**The problem**
Please output only the lines running from the one that contains "فيلا بسرير كينج" through the last line of the data below, exactly as they stand, with no pictures.

**Dataset excerpts**

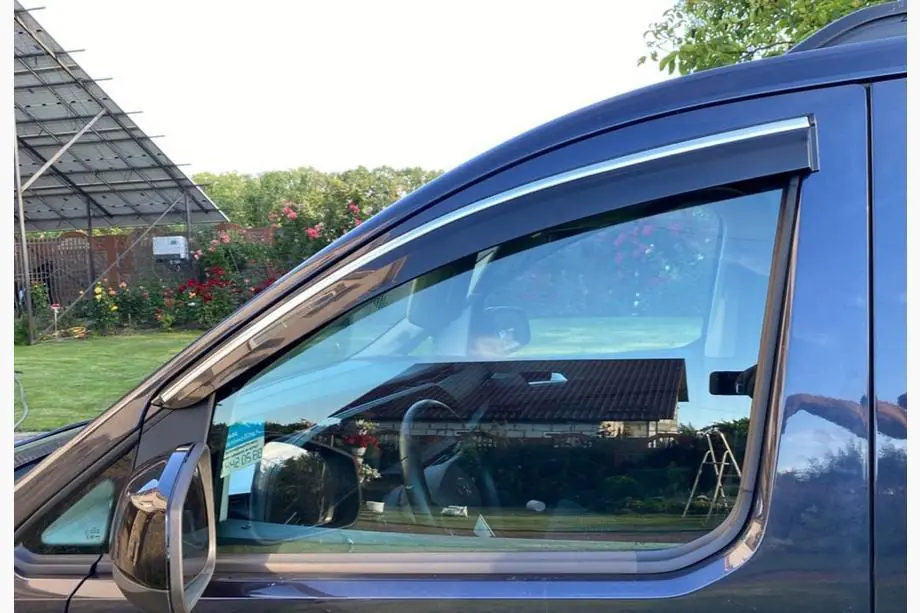 Ford Connect 2021– Deflektory okien s chrómovou lištou (2 ks, Sunplex Chrome) Image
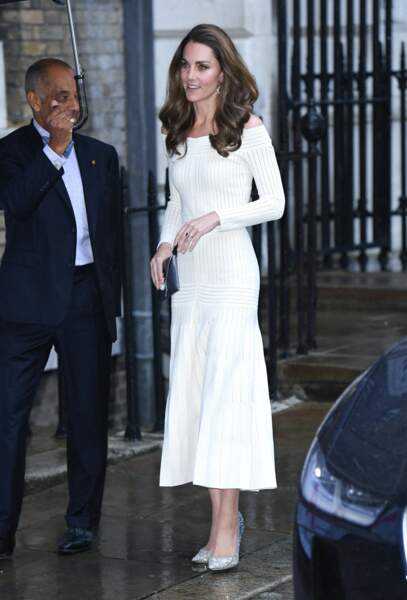 Kate Middleton radieuse dans des escarpins Jimmy Choo à Londres, le 12 juin 2019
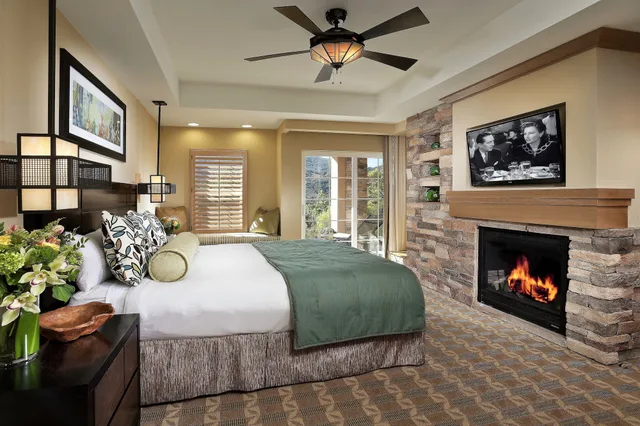 فيلا بسرير كينج وسرير كوين بإطلالة على الجبل بغرفتي نوم مع أريكة، Hyatt Vacation Club at the Welk, San Diego 1/2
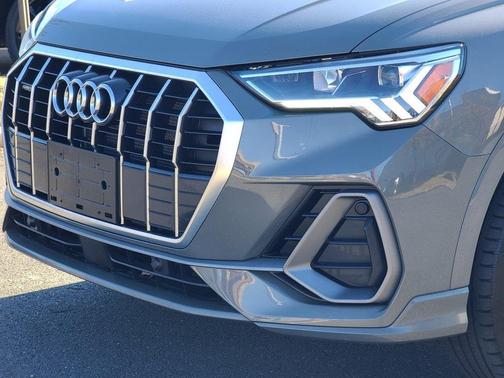 2024 Audi Q3 Premium 45 TFSI S line quattro Tiptronic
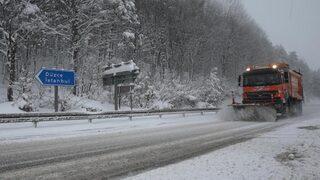 Yoğun kar yağışı! Bolu'dan İstanbul yönüne kamyon ve TIR geçişi durduruldu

**Response to the task**
 فيلا بسرير كينج وسرير كوين بإطلالة على الجبل بغرفتي نوم مع أريكة، Hyatt Vacation Club at the Welk, San Diego 1/2
 2024 Audi Q3 Premium 45 TFSI S line quattro Tiptronic
 Yoğun kar yağışı! Bolu'dan İstanbul yönüne kamyon ve TIR geçişi durduruldu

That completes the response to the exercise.